Custom Telemetry Integrations

Beyond OpenTelemetry, Tasker's event system enables easy integration with any observability or monitoring service:

Creating Custom Metrics Subscribers

Tasker now provides specialized tooling for metrics collection:

# Generate a specialized metrics subscriber with helper methods
rails generate tasker:subscriber metrics --metrics --events task.completed task.failed step.completed step.failed

# Generate a regular subscriber for other integrations
rails generate tasker:subscriber pager_duty --events task.failed step.failed

The --metrics flag creates a specialized subscriber with:

Built-in helper methods for extracting timing, error, and performance metrics
Automatic tag generation for categorization
Examples for StatsD, DataDog, Prometheus, and other metrics systems
Safe numeric value extraction with defaults
Production-ready patterns for operational monitoring

Creating Custom Subscribers

For non-metrics integrations, use the regular subscriber generator:

Example Custom Integrations

Metrics Collection (Using Helper Methods):

class MetricsSubscriber < Tasker::Events::Subscribers::BaseSubscriber
  subscribe_to 'task.completed', 'step.completed'

  def handle_task_completed(event)
    # Use built-in helper methods for standardized data extraction
    timing = extract_timing_metrics(event)
    tags = extract_metric_tags(event)

    # Record task completion metrics using helpers
    record_histogram('tasker.task.duration', timing[:execution_duration], tags)
    record_counter('tasker.task.completed', 1, tags)

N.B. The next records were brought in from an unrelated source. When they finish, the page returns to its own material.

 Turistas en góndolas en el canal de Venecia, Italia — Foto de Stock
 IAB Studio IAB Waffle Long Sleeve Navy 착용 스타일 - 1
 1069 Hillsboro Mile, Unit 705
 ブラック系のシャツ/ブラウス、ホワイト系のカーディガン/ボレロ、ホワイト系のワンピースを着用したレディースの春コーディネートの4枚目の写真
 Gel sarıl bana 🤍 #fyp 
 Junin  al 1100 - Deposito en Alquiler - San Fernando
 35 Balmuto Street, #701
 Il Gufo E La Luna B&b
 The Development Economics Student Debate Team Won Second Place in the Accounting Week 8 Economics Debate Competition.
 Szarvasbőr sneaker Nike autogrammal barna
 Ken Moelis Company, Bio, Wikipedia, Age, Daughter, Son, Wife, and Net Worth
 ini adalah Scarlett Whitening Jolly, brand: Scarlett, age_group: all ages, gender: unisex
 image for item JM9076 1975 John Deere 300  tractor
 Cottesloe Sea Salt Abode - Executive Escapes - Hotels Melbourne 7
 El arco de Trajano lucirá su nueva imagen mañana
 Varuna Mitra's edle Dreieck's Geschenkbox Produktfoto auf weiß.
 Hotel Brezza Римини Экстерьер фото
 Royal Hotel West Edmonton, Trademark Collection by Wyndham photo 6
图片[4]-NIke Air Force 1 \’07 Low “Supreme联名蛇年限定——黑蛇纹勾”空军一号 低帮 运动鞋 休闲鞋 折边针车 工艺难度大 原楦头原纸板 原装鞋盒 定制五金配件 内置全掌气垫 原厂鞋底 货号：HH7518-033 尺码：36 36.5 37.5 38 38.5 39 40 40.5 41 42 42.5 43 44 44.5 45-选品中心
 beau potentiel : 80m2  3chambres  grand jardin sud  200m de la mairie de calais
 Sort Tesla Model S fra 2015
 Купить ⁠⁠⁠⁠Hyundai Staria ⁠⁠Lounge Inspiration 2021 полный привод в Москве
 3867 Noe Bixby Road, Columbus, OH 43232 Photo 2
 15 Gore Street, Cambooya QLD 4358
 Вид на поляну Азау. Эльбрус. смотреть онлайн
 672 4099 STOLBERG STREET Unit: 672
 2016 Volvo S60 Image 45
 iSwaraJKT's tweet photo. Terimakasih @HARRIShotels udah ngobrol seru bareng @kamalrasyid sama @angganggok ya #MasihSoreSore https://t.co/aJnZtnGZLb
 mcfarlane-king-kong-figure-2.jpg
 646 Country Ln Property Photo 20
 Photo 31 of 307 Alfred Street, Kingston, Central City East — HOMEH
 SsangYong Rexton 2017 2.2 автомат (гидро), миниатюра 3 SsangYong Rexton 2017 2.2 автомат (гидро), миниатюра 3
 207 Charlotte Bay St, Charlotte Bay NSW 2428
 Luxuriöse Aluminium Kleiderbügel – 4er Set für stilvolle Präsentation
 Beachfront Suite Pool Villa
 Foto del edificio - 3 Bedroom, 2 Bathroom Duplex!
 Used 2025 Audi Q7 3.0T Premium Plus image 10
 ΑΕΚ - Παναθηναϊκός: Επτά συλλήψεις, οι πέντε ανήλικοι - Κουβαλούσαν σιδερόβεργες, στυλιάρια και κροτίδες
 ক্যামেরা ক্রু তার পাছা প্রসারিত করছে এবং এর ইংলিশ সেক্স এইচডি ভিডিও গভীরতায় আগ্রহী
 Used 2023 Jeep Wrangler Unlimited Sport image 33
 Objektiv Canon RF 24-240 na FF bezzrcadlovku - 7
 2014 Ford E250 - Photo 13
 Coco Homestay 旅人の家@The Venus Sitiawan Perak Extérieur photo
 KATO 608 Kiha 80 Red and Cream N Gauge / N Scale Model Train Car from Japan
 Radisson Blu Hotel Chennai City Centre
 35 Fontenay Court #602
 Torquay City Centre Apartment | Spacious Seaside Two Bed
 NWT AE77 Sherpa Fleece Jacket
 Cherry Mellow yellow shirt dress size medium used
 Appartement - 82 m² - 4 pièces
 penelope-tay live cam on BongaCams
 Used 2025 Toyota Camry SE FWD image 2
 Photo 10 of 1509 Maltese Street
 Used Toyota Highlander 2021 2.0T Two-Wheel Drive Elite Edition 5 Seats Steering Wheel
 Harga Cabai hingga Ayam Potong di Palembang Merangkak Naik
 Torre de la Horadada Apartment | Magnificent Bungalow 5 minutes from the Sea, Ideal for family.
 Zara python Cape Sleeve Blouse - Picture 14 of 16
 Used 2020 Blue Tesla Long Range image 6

    if timing[:step_count] > 0
      record_gauge('tasker.workflow.step_count', timing[:step_count], tags)
    end
  end

  def handle_step_completed(event)
    timing = extract_timing_metrics(event)
    tags = extract_metric_tags(event)

    # Record step-level metrics
    record_histogram('tasker.step.duration', timing[:execution_duration], tags)
  end

  private

  # Customize for your metrics backend (StatsD example)
  def record_histogram(name, value, tags = [])
    StatsD.histogram(name, value, tags: tags)
  end

  def record_counter(name, value, tags = [])
    StatsD.increment(name, value, tags: tags)
  end

  def record_gauge(name, value, tags = [])
    StatsD.gauge(name, value, tags: tags)
  end
end

Error Tracking (Sentry):

class SentrySubscriber < Tasker::Events::Subscribers::BaseSubscriber
  subscribe_to 'task.failed', 'step.failed'

  def handle_task_failed(event)
    task_id = safe_get(event, :task_id)
    error_message = safe_get(event, :error_message, 'Unknown error')

    Sentry.capture_message(error_message, level: 'error', fingerprint: ['tasker', 'task_failed', task_id])
  end
end

Metrics Helper Methods

BaseSubscriber now includes specialized helper methods for extracting common metrics data:

# Extract timing metrics (duration, step counts, etc.)
timing = extract_timing_metrics(event)
# => { execution_duration: 45.2, step_count: 5, completed_steps: 5, failed_steps: 0 }

# Extract error metrics with categorization
error = extract_error_metrics(event)
# => { error_type: 'timeout', attempt_number: 2, is_retryable: true, final_failure: false }

# Extract performance metrics
perf = extract_performance_metrics(event)
# => { memory_usage: 1024, cpu_time: 2.5, queue_time: 0.1, processing_time: 1.8 }

# Generate standardized tags for categorization
tags = extract_metric_tags(event)
# => ['task:order_process', 'environment:production', 'retryable:true']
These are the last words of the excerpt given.